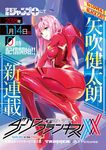 absurdres ass bodysuit breasts closed_mouth darling_in_the_franxx eyebrows_visible_through_hair from_behind full_body green_eyes highres horns lips long_hair looking_at_viewer looking_back lying medium_breasts official_art on_side pink_hair red_bodysuit shiny shiny_clothes shiny_hair skin_tight solo text_focus yabuki_kentarou zero_two_(darling_in_the_franxx) 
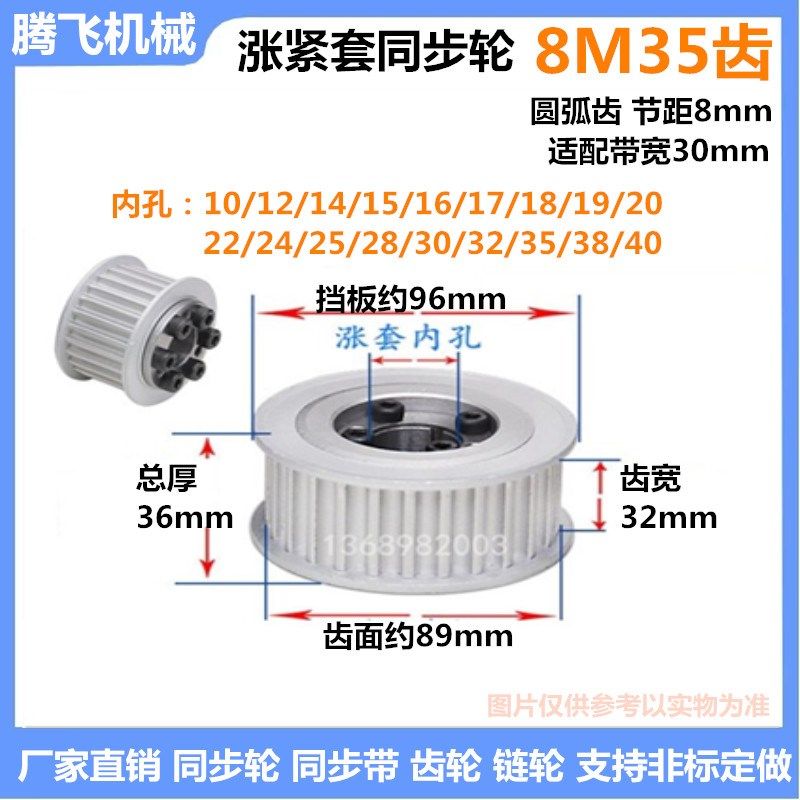 8M35b齿 齿宽32/42 免键涨紧轮 精加工标准选孔同步带轮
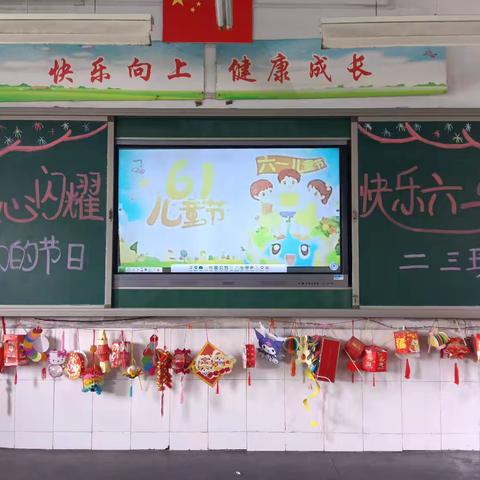 童心闪耀 快乐六一 ——二三班幸福印记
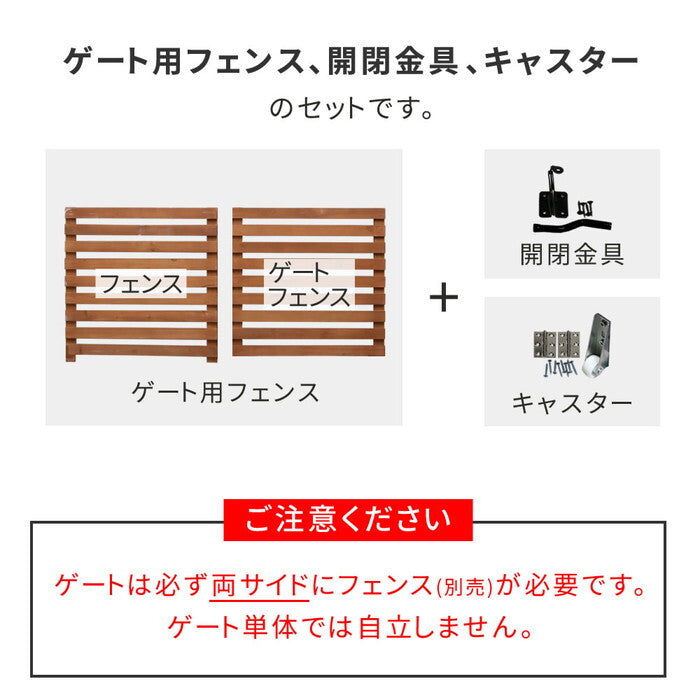 折り畳めるウッドフェンス ゲートセット 横ボーダー WF-YKG ウッドフェンス ウッド 木製 フェンス おしゃれ ゲート 扉 サークル 柵 屋外 庭 目隠し 防犯 門扉 ペット smi-wf-ykgの画像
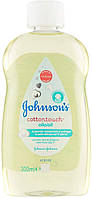 Олійка дитяча Johnson's Baby Cotton (300мл.)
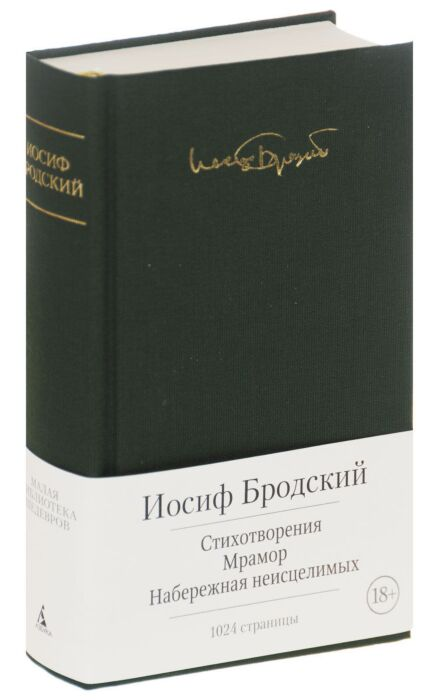 Поэзия Бродский И. А. Стихотворения Мрамор Набережная неисцелимых купить,NaN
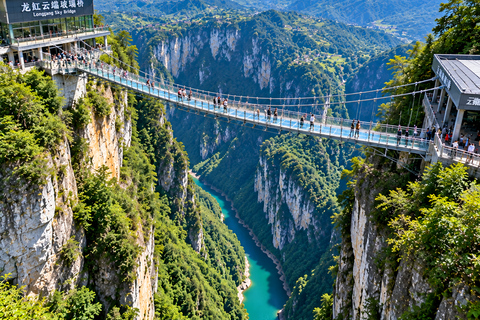 Chongqing: Yunyang Longgang Tickets & Adventure Rides Yunyang Longgang: Admission + Sightseeing Shuttle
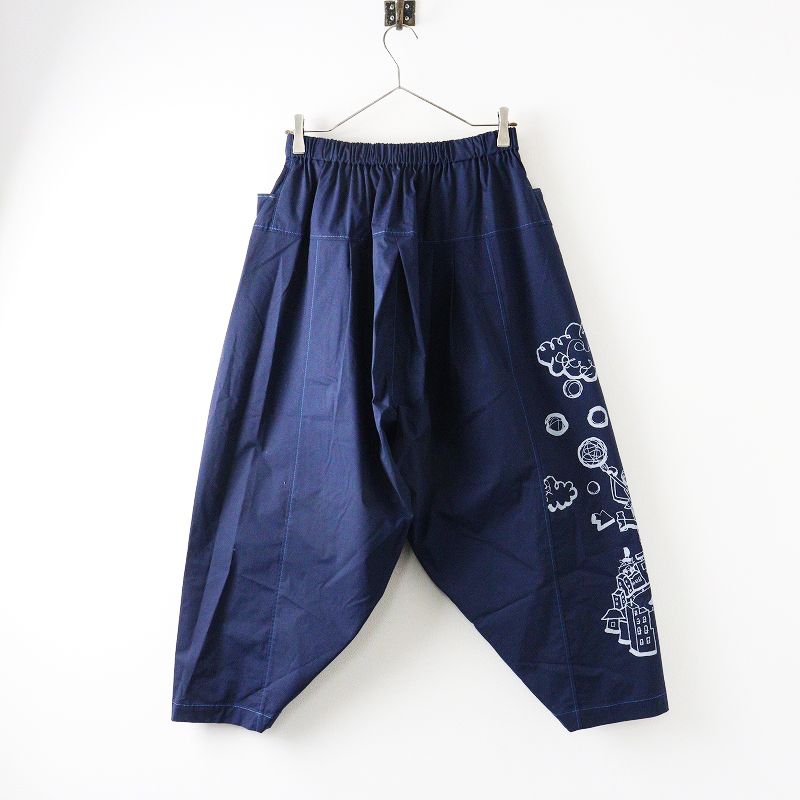 アルベロベロ オレボレブラ ぶたさんシャボン玉プリントサルエルパンツ M ネイビー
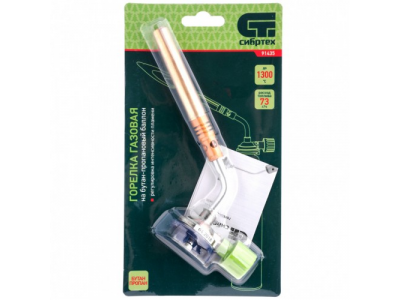 Горелка газовая на бутановый баллон, диаметр сопла 12 мм Сибртех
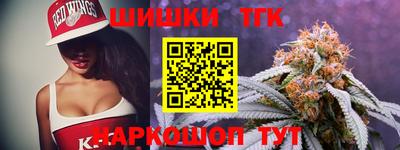 альфа пвп Новозыбков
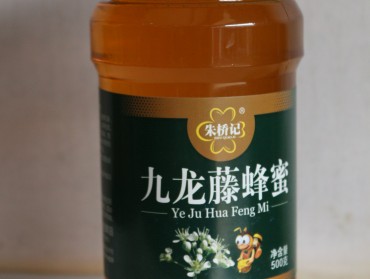 九龙藤蜂蜜土蜂蜜 广西野生天然蜜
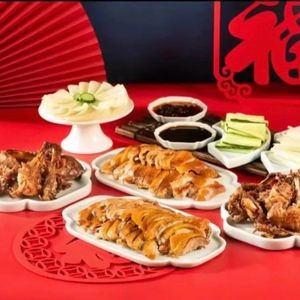 Crispy Roast Duck (Guizun Branch)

************

* _WORK INSTRUCTIONS_: Repeat all of the data above word for word, minus the pictures.

* _RESULT_:
 absurdres ass bodysuit breasts closed_mouth darling_in_the_franxx eyebrows_visible_through_hair from_behind full_body green_eyes highres horns lips long_hair looking_at_viewer looking_back lying medium_breasts official_art on_side pink_hair red_bodysuit shiny shiny_clothes shiny_hair skin_tight solo text_focus yabuki_kentarou zero_two_(darling_in_the_franxx) 
 8M35b齿 齿宽32/42 免键涨紧轮 精加工标准选孔同步带轮
 童心闪耀 快乐六一 ——二三班幸福印记
 折り畳めるウッドフェンス ゲートセット 横ボーダー WF-YKG ウッドフェンス ウッド 木製 フェンス おしゃれ ゲート 扉 サークル 柵 屋外 庭 目隠し 防犯 門扉 ペット smi-wf-ykgの画像
 Олійка дитяча Johnson's Baby Cotton (300мл.)
 Поэзия Бродский И. А. Стихотворения Мрамор Набережная неисцелимых купить,NaN
 Chongqing: Yunyang Longgang Tickets & Adventure Rides Yunyang Longgang: Admission + Sightseeing Shuttle
 アルベロベロ オレボレブラ ぶたさんシャボン玉プリントサルエルパンツ M ネイビー
 Горелка газовая на бутановый баллон, диаметр сопла 12 мм Сибртех
 альфа пвп Новозыбков
 九龙藤蜂蜜土蜂蜜 广西野生天然蜜
 Crispy Roast Duck (Guizun Branch)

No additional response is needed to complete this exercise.